Subtypes of undecided (and decided) students

Given that some students are indecisive while others face a state of indecision, scholars sought to characterize students into possible subtypes or subgroups (Barak & Friedkes, 1981; Fuqua et al., 1988; Jones & Chenery, 1980; Kelly & Pulver, 2003; Larson et al., 1988; Lucas & Epperson, 1988, 1990; Savickas et al., 1992; Van Matre & Cooper, 1984; Vondracek et al., 1990; Wanberg & Muchinsky, 1992). Through subtyping, institutions could “tailor educational and career related interventions to help them become more focused” (Gordon, 1995, p. x). Gordon (1998) provided a summary of the research and concluded there exist three subgroups of undecided (tentatively undecided, developmentally undecided, and seriously undecided), three subgroups of decided (very decided, somewhat decided, and unstable decided), and one subgroup of indecisive students (chronically indecisive).

Reasons for being undecided

Lack of agreement in the literature about whether being undecided is normal or of psychological concern led to exploration of reasons students may be undecided. Numerous studies considered possible factors contributing to indecision about major or career choice, such as anxiety (Hawkins et al., 1977; Kimes & Troth, 1974), career salience (Greenhaus, 1971; Greenhaus & Simon, 1977), family and peer expectations (Tyler, 1969), identity development (Gordon & Ikenberry Kline, 1989; Jones & Chenery, 1980; Rose & Elton, 1971), locus of control (Hartman & Fuqua, 1983), and self-efficacy (Taylor & Betz, 1983). Others determined some students remain undecided because of lack of exploration and/or decision-making skills (Gordon, 1981; Hagstrom et al., 1997) and/or willingness to explore (Peterson & McDonough, 1985).

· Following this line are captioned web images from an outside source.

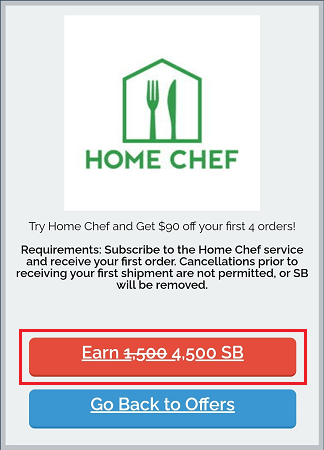 Swagbucks' Home Chef 4,500 SB offer button highlighted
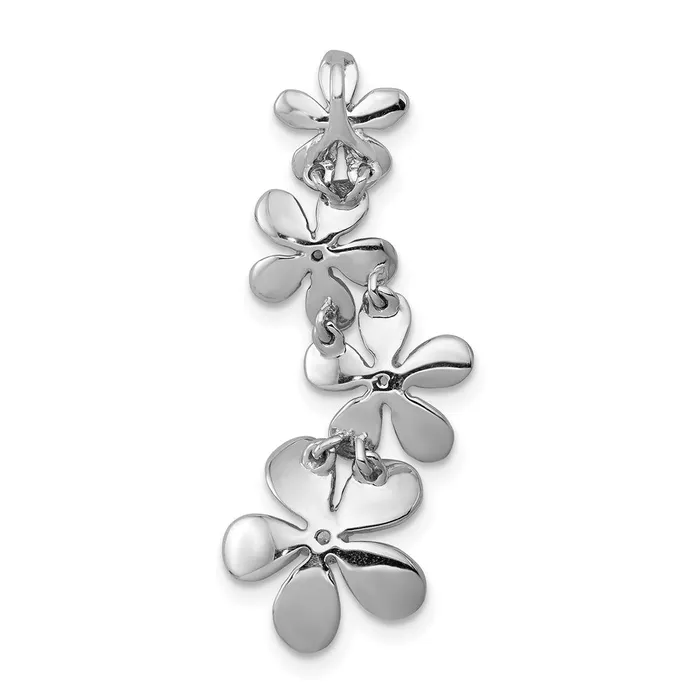 14k White Gold 18ct Real Diamond Four Flower Chain Slide Goldia Earrings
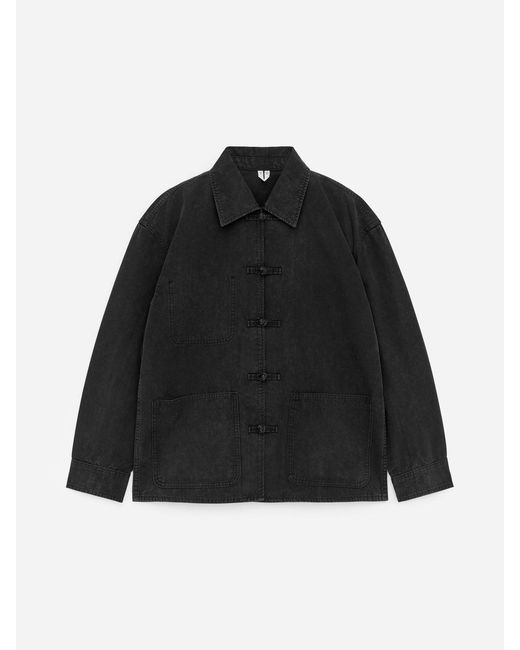 ARKET Black Knot-Button Overshirt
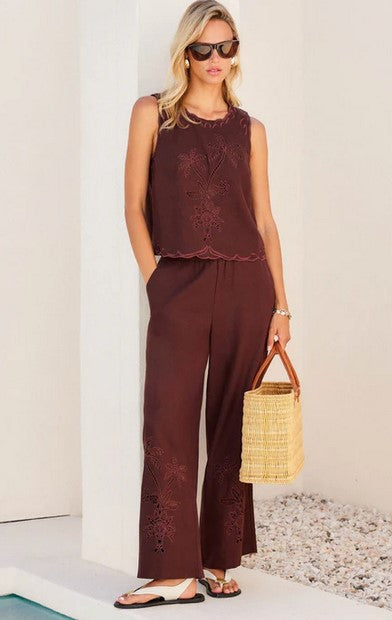 Fifteen Twenty Zora Embroidered Pant - Brown
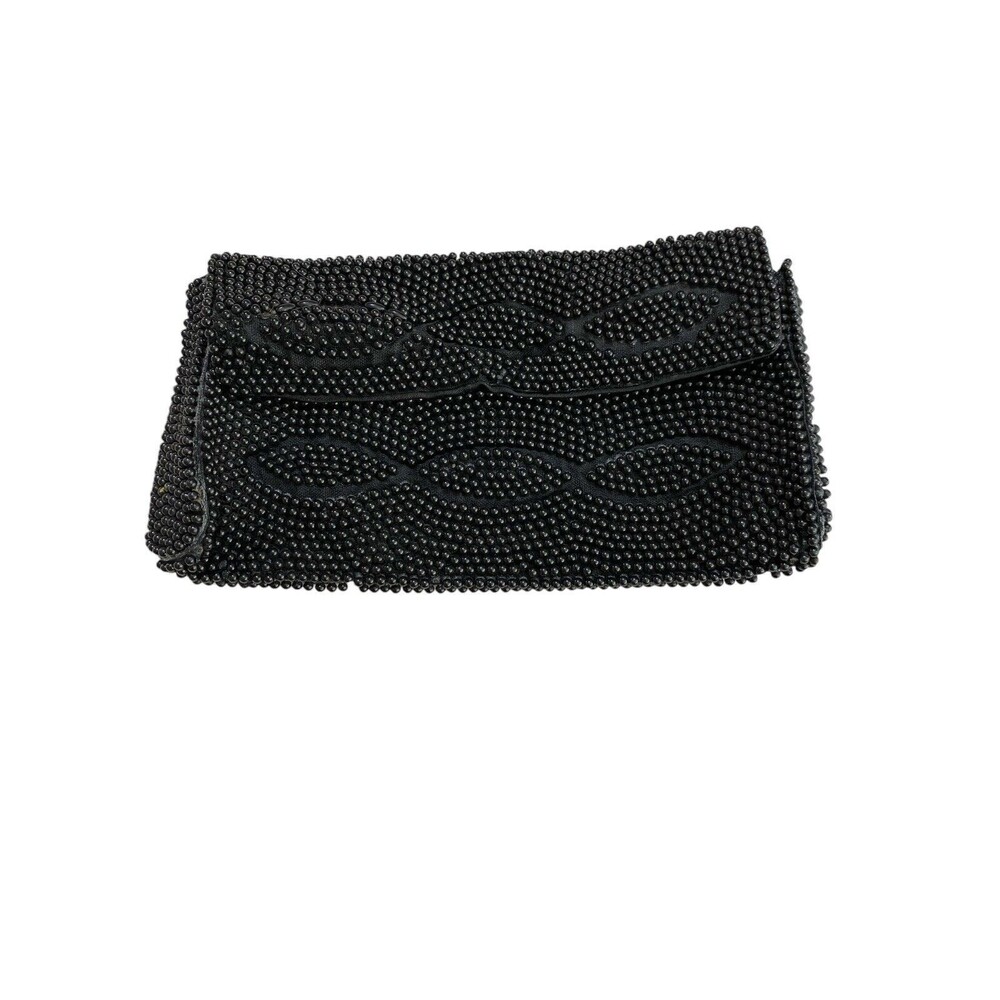 Bags By Susan Beaded Evening Clutch Vintage Black Prom Cocktail Wedding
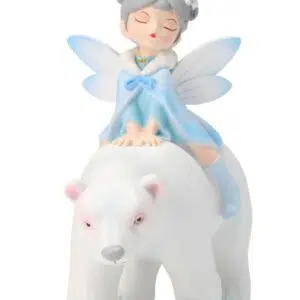 Fée bleue sur un ours polaire - 19cm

Generally, findings from these studies reflect the myriad possible reasons for major choice indecision and recognize that reasons for indecision vary for each student (Taylor, 1982).

Major changers

For some students, major choices are made with lack of information about majors and/or careers, experience with decision-making, or a combination of these conditions (Gordon, 1985; Grites, 1983). Numerous scholars determined significant numbers of students were engaging in major-changing behavior (Foote, 1980; Pierson, 1962). At Colorado State University, Titley and Titley (1980) estimated 65% to 70% of students would change their major at least once before graduation. Kramer et al. (1994), in a longitudinal study at Brigham Young University, found declared students changed majors at much higher rates than undecided students, 13% to 38% more often. As a result, few decided students graduate with their initial major choice. For many decided students, the initial uninformed choice of major may be due to pressure to decide early from various external sources such as parents, peers, high school guidance counselors, academic advisors and career counselors, and institutional policies and practices (Berger, 1967; Grites, 1981; Titley & Titley, 1980).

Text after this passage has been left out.